--- Activity ---
Leave the pictures out and restate each entry below word for word.

*-*-*

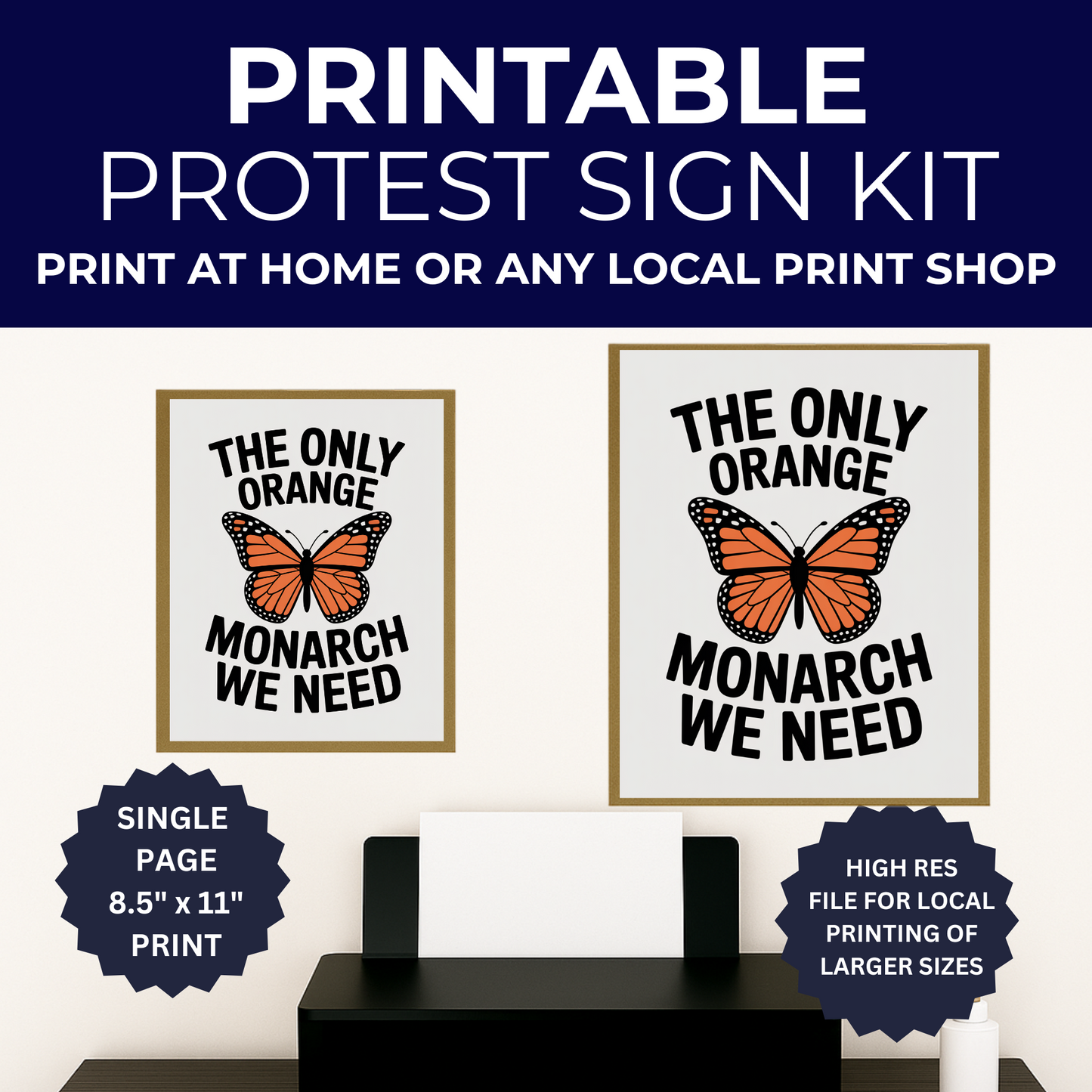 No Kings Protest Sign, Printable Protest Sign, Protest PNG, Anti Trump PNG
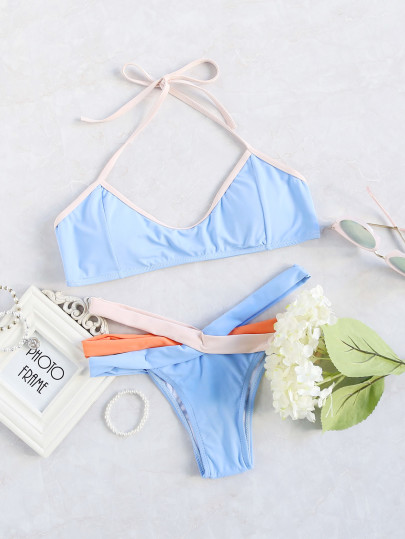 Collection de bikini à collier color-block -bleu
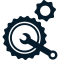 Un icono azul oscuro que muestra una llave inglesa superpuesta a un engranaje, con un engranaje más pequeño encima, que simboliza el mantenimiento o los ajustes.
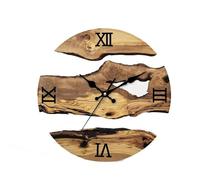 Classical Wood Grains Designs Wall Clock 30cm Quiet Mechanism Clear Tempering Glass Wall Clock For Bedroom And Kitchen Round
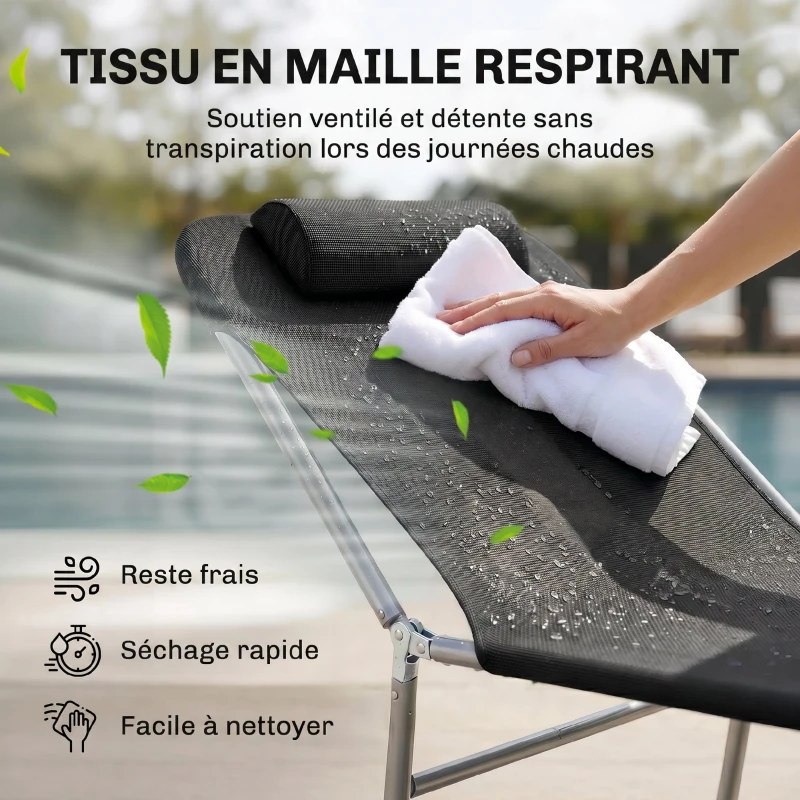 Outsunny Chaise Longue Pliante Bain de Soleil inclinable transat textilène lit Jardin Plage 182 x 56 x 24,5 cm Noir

*-*-*

--- Solution to the problem ---
 No Kings Protest Sign, Printable Protest Sign, Protest PNG, Anti Trump PNG
 Collection de bikini à collier color-block -bleu
 Un icono azul oscuro que muestra una llave inglesa superpuesta a un engranaje, con un engranaje más pequeño encima, que simboliza el mantenimiento o los ajustes.
 Classical Wood Grains Designs Wall Clock 30cm Quiet Mechanism Clear Tempering Glass Wall Clock For Bedroom And Kitchen Round
 Outsunny Chaise Longue Pliante Bain de Soleil inclinable transat textilène lit Jardin Plage 182 x 56 x 24,5 cm Noir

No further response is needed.